In the records below, find the line containing "Logo-Burst Sticky Book", then copy that line and all lines after it, exactly, omitting every picture.

= = =

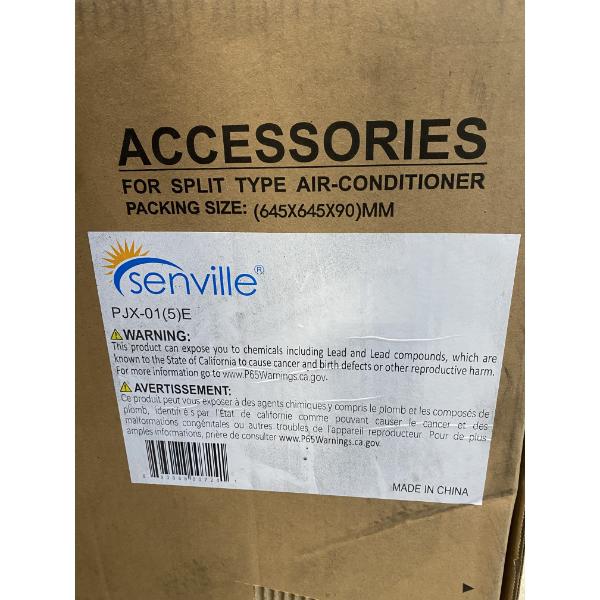 SENVILLE MINI-SPLIT ACCESSORY KIT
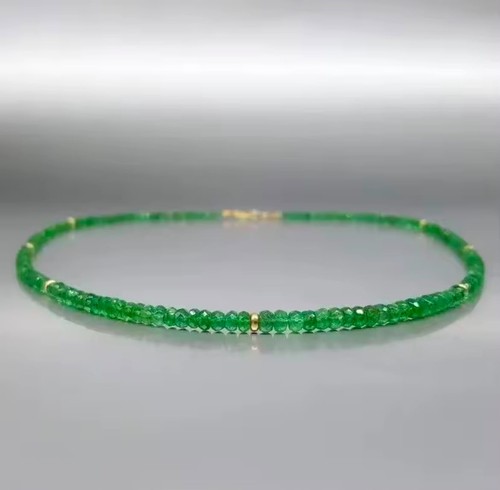 Collana perle giada - collana, di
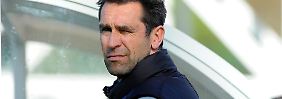 "Es ist nicht aufgegangen": Michael Preetz sucht einen neuen Fußballlehrer für die Berliner Hertha.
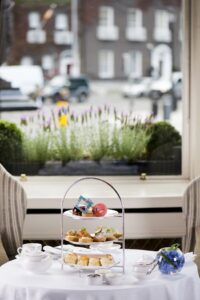 Michael Flatley Afternoon Tea at The Shelbourne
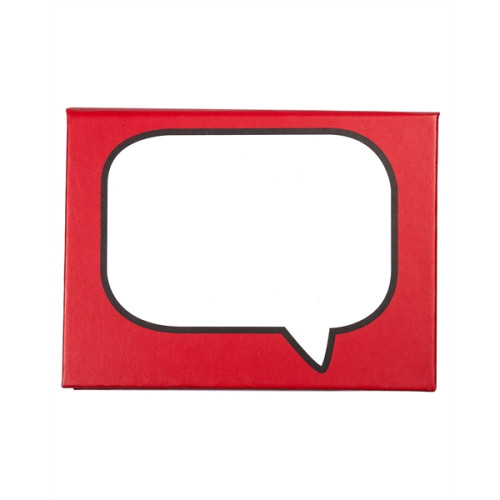 Logo-Burst Sticky Book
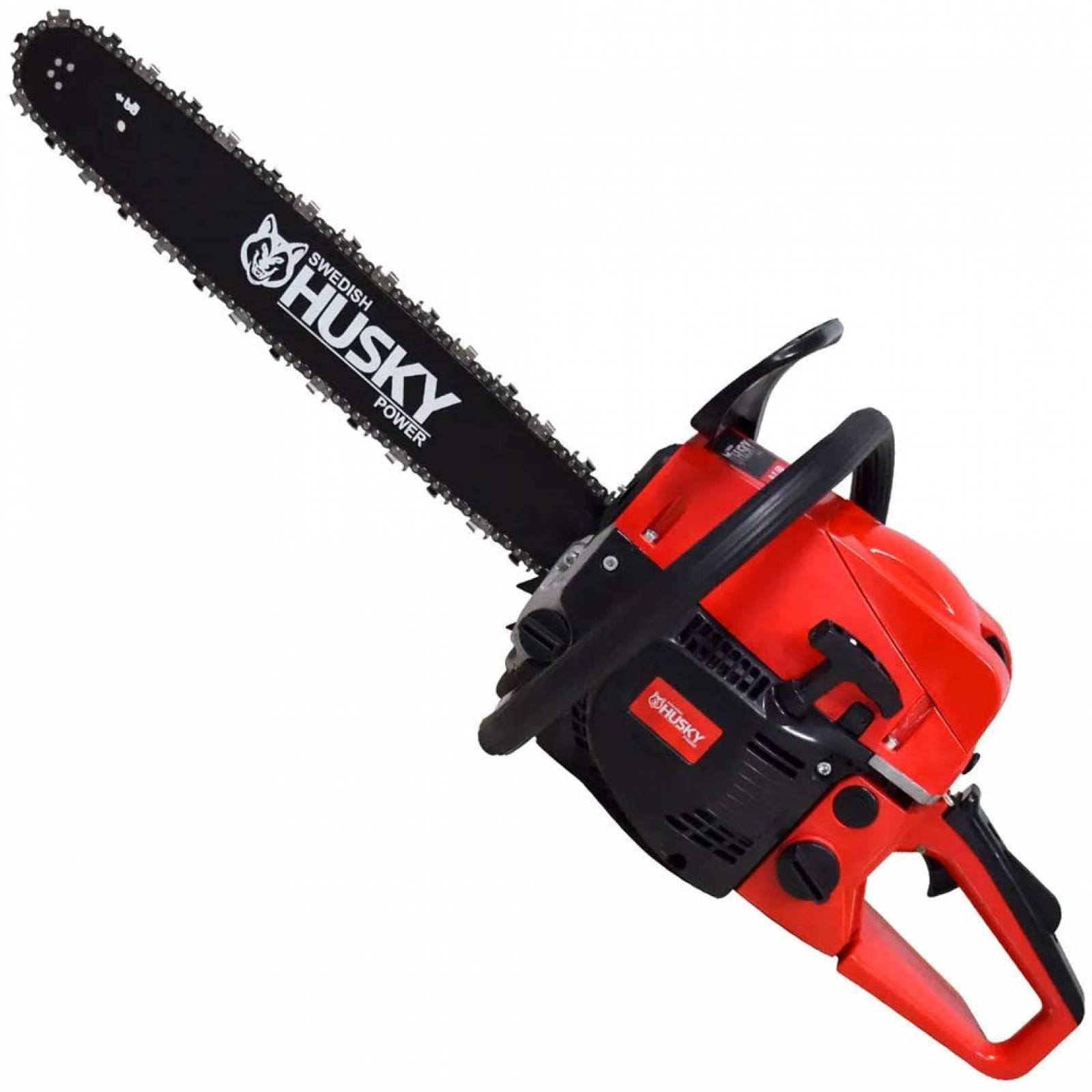 Motosierra SWEDISH HUSKY A Gasolina De 52 CC .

= = =

● **WRITTEN SOLUTION**
 Logo-Burst Sticky Book
 Motosierra SWEDISH HUSKY A Gasolina De 52 CC .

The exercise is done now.